Crawled caption data:
····················

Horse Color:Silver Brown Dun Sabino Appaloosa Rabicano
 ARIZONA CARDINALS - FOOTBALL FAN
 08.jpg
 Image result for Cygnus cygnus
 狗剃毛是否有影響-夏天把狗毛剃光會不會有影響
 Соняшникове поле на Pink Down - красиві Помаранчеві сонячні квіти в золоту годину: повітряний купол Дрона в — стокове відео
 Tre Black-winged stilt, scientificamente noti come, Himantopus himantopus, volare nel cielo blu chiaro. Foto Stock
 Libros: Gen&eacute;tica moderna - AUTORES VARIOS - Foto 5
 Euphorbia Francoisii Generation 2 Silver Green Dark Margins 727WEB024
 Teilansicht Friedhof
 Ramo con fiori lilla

····················

Where a line in the records above contains the word "Foto", include it in the count; state the total and nothing more.

### Task response:
2